Oczywiście przedstawiane tu sposoby, mają charakter poglądowy i nie należy brać tego w żadnym wypadku za przykład i nie należy naśladować autora tekstu. Każda praca z gazem i prądem powinna być przeprowadzona przez osoby do takich prac uprawnione i upoważnione !

Re: Poradnik mały dla dużych

: czwartek, 30 lis 2017, 20:38
autor: zyga49
GrzegorzBruta pisze:
Samoogon pisze:Ma olx kiedyś widziałem ogłoszenie gościa który ma w ofercie czynnik i instrukcję jego aplikacji. Podobno prosta rzecz, ciekawe czy da się to jakoś zweryfikować?

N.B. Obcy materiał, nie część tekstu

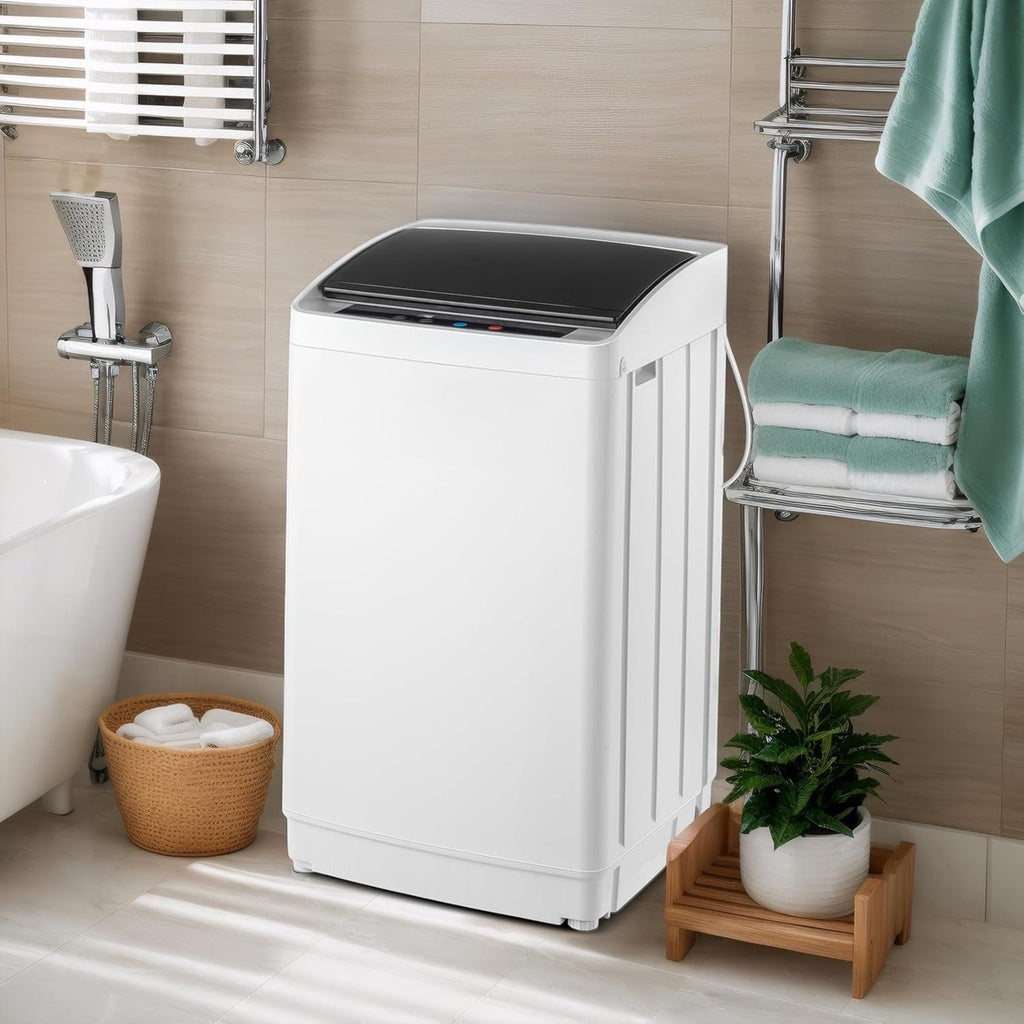 Compact Washing Machine with Drain Pump, Fully Automatic 17.8 lbs Portable Laundry Washer with Stainless Steel Tub, 110V Top Load for Apartments, Dormitories, RVs, Campers and Small Homes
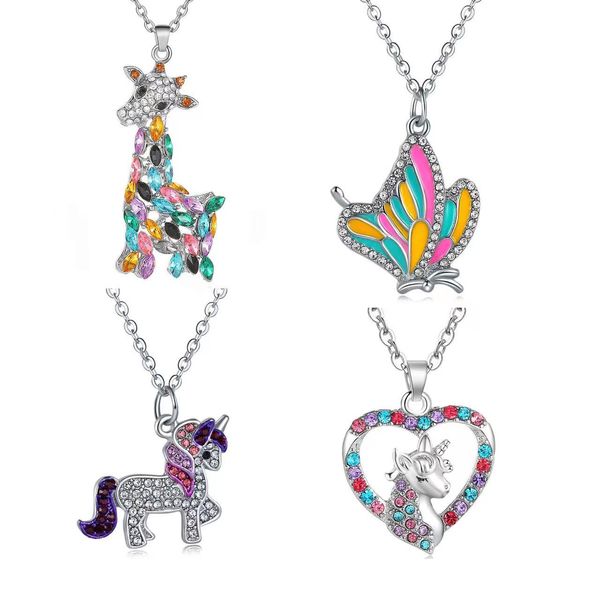 4 juegos de collar de unicornio de color creativo, colgante de jirafa de mariposa apto para niños, accesorios de joyería de animales de dibujos animados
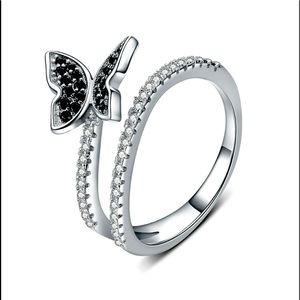 Sterling Silver Black Spinal Elegant Butterfly Ring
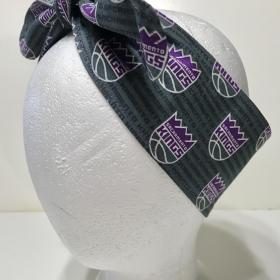 3” Wide Sacramento Kings hair tie, hair wrap, headband, pin up, self tie, scarf, neckerchief, retro, rockabilly, no wire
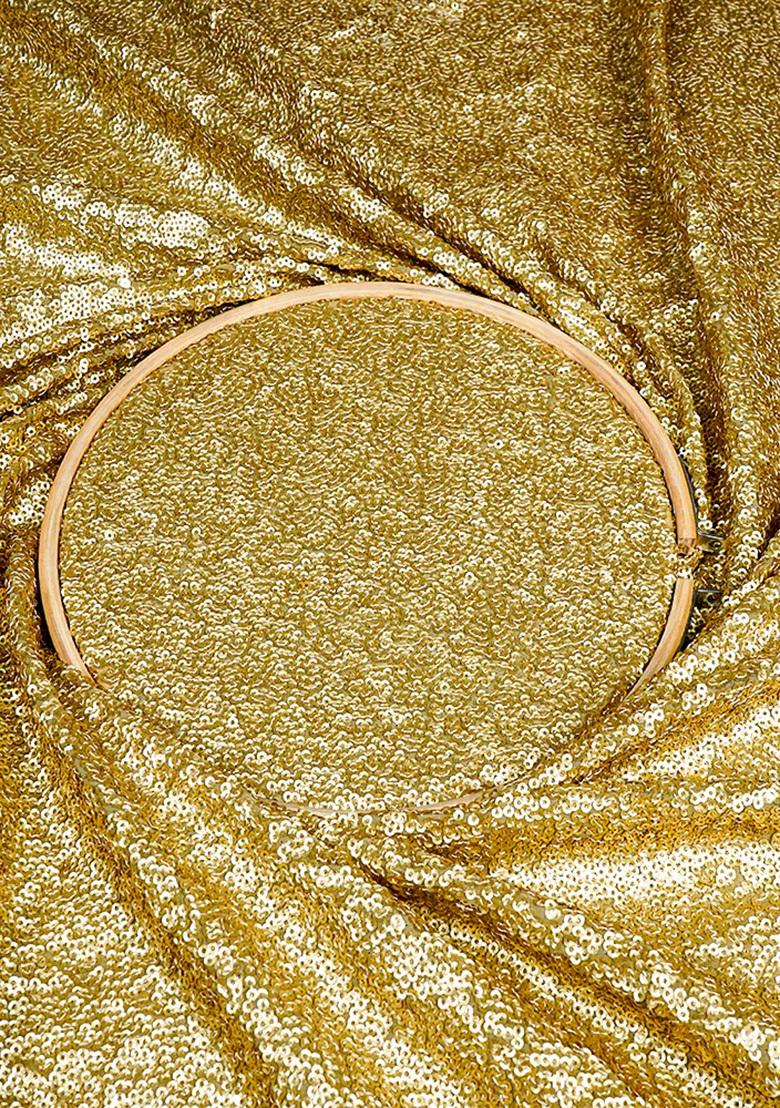 Golden Sequin Georgette Pre Draped Saree Set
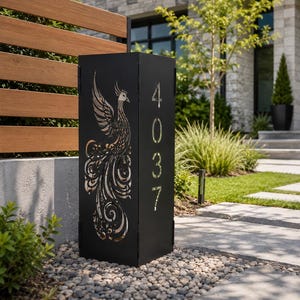 Personalized Metal Address Post with Phoenix Design, Modern House Number Plaque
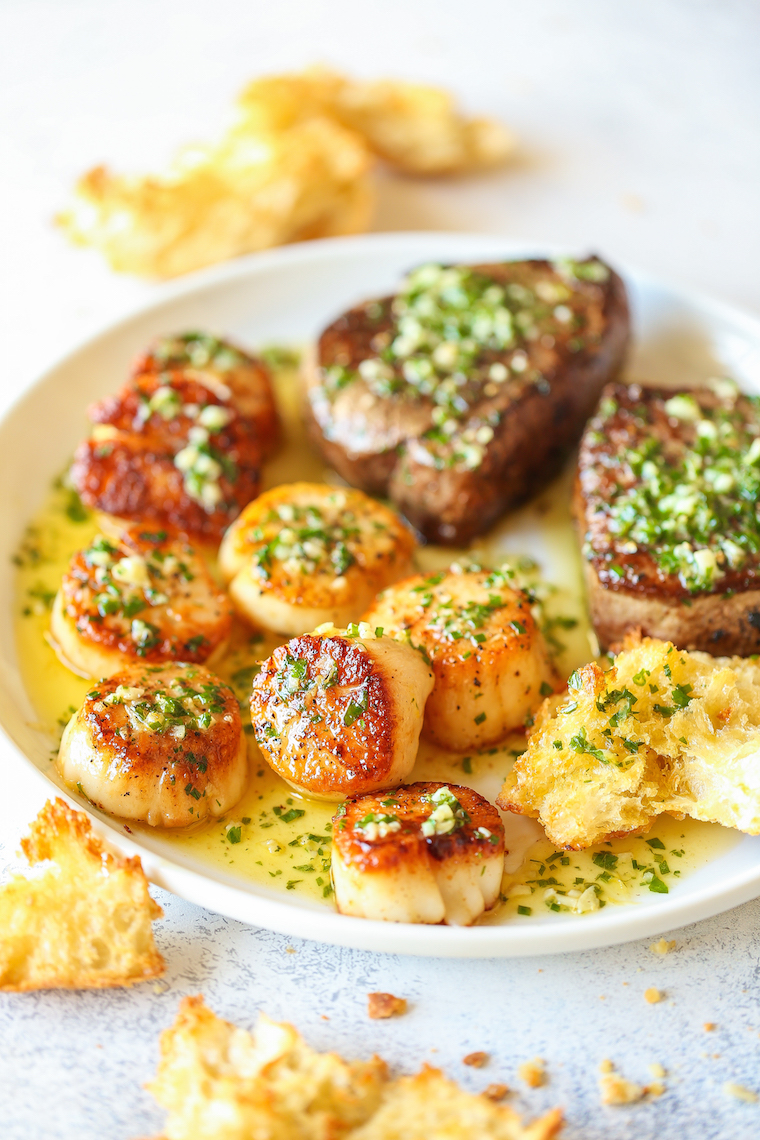 Garlic Butter Steak and Scallops - SURF AND TURF made in less than 30 min! The steak + scallops are so perfectly cooked with the best garlic butter sauce!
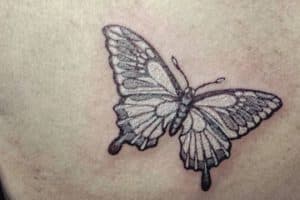 tatuajes de mariposas blancas con negro
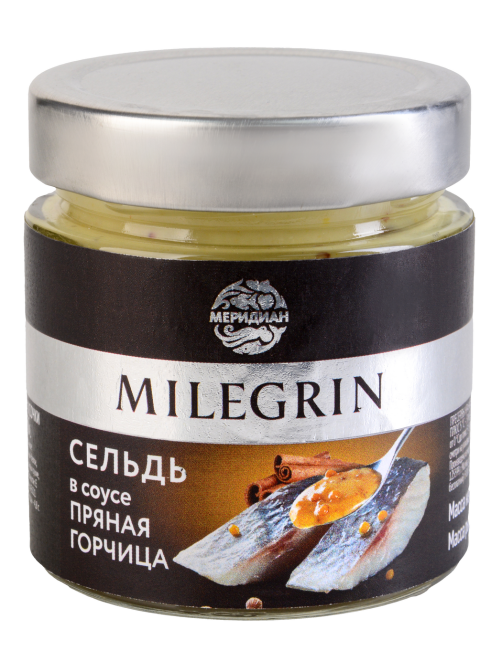 Сельдь Меридиан Milegrin в соусе пряная горчица, 200г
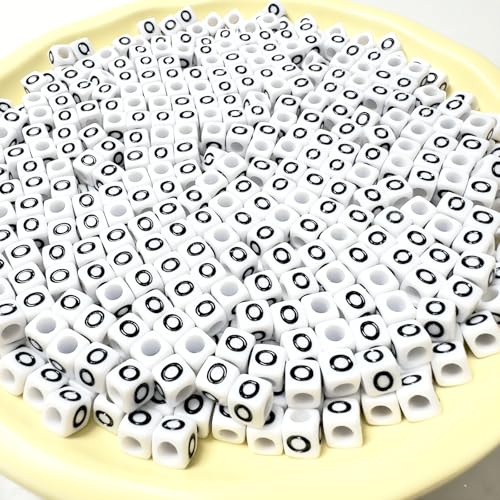 500Pcs Vowel Letter Beads O 6X6mm Single Cube Alphabet Beads for Friendship Bracelets Making - color: Square - O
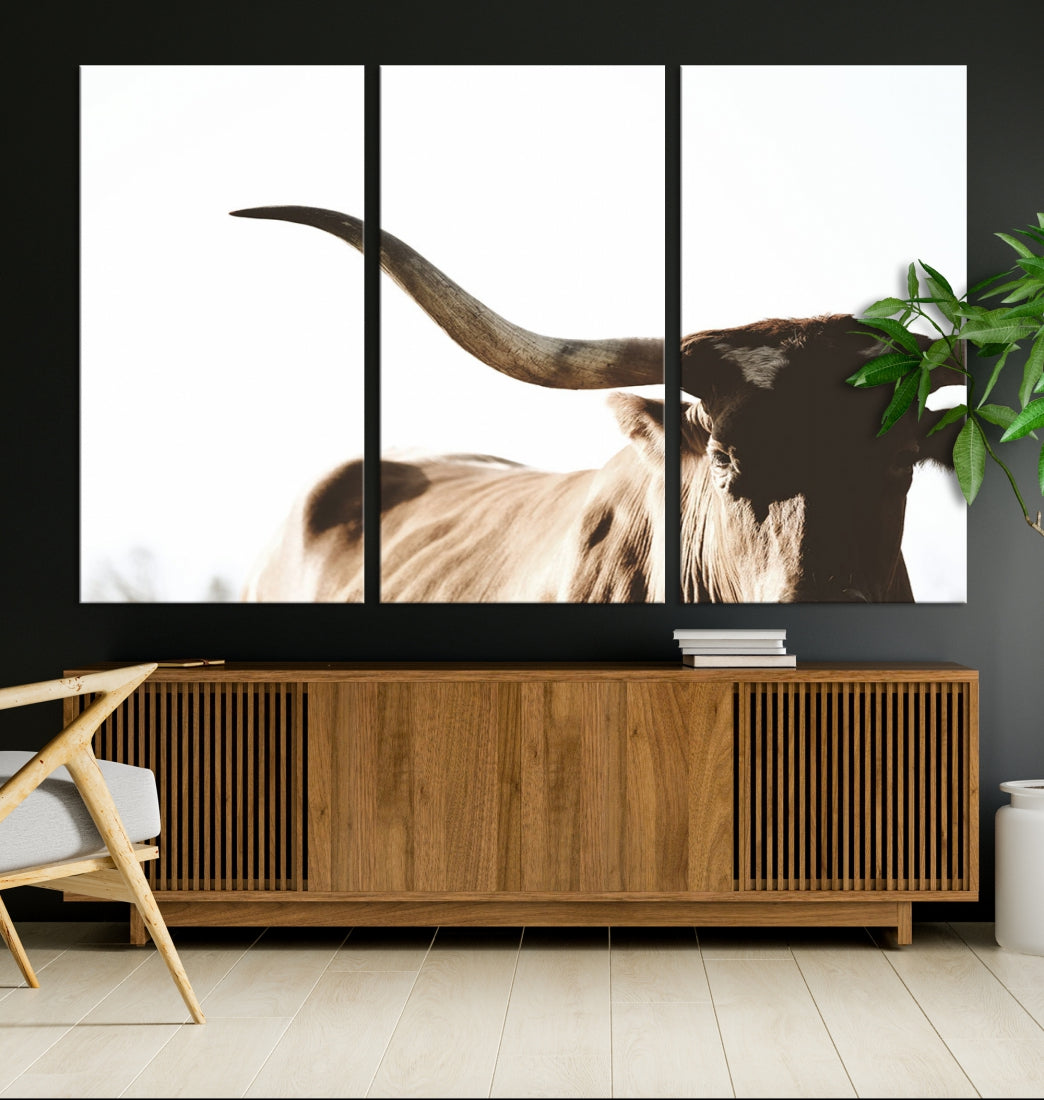 Texas Cow Big Horn Wall Art Canvas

Nie wiem, jak to napełnianie ma przebiegać ale pewnie trzeba wytworzyć próżnię i napełniając odpowietrzać cały układ.
Pewnie trzeba wykonać dwa otwory, wlew i odpowietrzenie. Jednak to tylko moje przypuszczenia. Zobaczymy co będzie dalej z lodówką.
Jak to się mówi, tonący się brzytwy chwyta ;)
Grzanie palnikiem i obstukiwanie
20171130_194515.jpg
20171130_194534.jpg
Chcę tylko dodać, że ktoś, kto remontuje lodówkę to powinien to robić przed malowaniem i wkładaniem tego z powrotem do obudowy.
Taki zabieg powinno się przeprowadzać na rozgrzanym już parowniku ( kaloryferze ) i wpierw poobracać na wszystkie strony, opukać, rozgrzać i opukać.
Wtedy jak to nie pomoże, to już nic nie pomoże ;)
Ja czekam dalej i będę takie zabiegi przeprowadzał aż zaskoczy. Nie ma rady. trzeba być cierpliwym.
UWAGA !
Oczywiście przedstawiane tu sposoby, mają charakter poglądowy i nie należy brać tego w żadnym wypadku za przykład i nie należy naśladować autora tekstu. Każda praca z gazem i prądem powinna być przeprowadzona przez osoby do takich prac uprawnione i upoważnione !
Miałem małą lodówkę otwieraną do góry chodziła ,nie chodziła ,albo chodziła 3 dni na rybkach ,a czwartego dnia przestała chłodzić a tu żar z nieba i 30 ponad stopni :twisted:
robiłem identycznie jak Ty palnik ,pukanie ,przewracanie i znow chłodziła,nie chłodziła i poszła na żyletki.Teraz kupiłem 8 letnią Waeco otwierana z boku i sie nie martwie , nie przewracam-odpalam i chłodzi .Przy ok 30 stopniach włączam dwa wentylatorki na dzień i jest oki.